そもそも主人公の経歴が全然わからないというところも問題。5年生から入学するという変わった経歴は過去に古代魔法を使うことが出来た人と全く同じであり、何らかの繋がりを示唆されるが結局物語上は何の意味もないし、家族構成や出身地も何も明かされないので、なんか分からんけど年取ってからホグワーツに来た奴というくらいの情報しか得られず不気味ですらある。例えば『スカイリム』みたいに、自分の設定を細かく決められる主人公であればオリジンが不要であるというのは分かるんだけど、今作はキャラメイクこそ出来るがストーリー分岐はほとんどないので、ゲーム開始以前の様子を一切描写しないことに意味がない。メタ的に考えれば、一年生から始めてしまうと設定的にホグズミードに行けなかったり覚えられない呪文があったりして制限が多いので、五年生という設定にしたのは正解だと思うんだけど、そこの理由付けをもうちょっと頑張って欲しかった。

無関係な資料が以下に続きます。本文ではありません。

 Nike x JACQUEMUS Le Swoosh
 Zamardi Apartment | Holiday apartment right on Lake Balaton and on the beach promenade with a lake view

“許されざる呪文”を使えるのも今作の特徴の一つだが、使うだけで罪人になるような極悪な呪文も何のお咎めもなくただ使えるだけというのもなんか引っかかる。闇堕ちルートみたいなものがあれば良かったんだけど、せいぜいクエストの選択肢でイヤミな返しをして相手を不快にさせるくらいのことしか出来ないので、魔法界を救おうとする正義の男が裏では闇の魔法を連発するヤバい奴というネジくれたキャラクターになってしまう(ロールプレイを大事にするならそもそも覚えないという選択肢もあるが)。

 

【まとめ】

ホグワーツを始めとした世界観の作り込みに関しては文句無しの出来栄えで、それだけである程度満足出来た事は確かなんだけど、主人公を始めとしたキャラクター達やストーリーの掘り下げ不足で消化不良に感じてしまったのが勿体無いところ。そこら辺のこだわりの無さは良くも悪くも洋ゲーならではと言う感じもするが、既に映画や小説でたっぷりドラマチックな物語が語られているシリーズなので、ゲームでも同じような体験が出来るかも?と変にハードルが上がってしまっていたのかもしれない。

元々そういう形で作る予定だったのか、近年のやらかしの影響なのかは分からないが、原作者のJ・K・ローリングは全く関わっていないようで、やっぱりシリーズの核となる生みの親が不在であるというのも大きいのかな。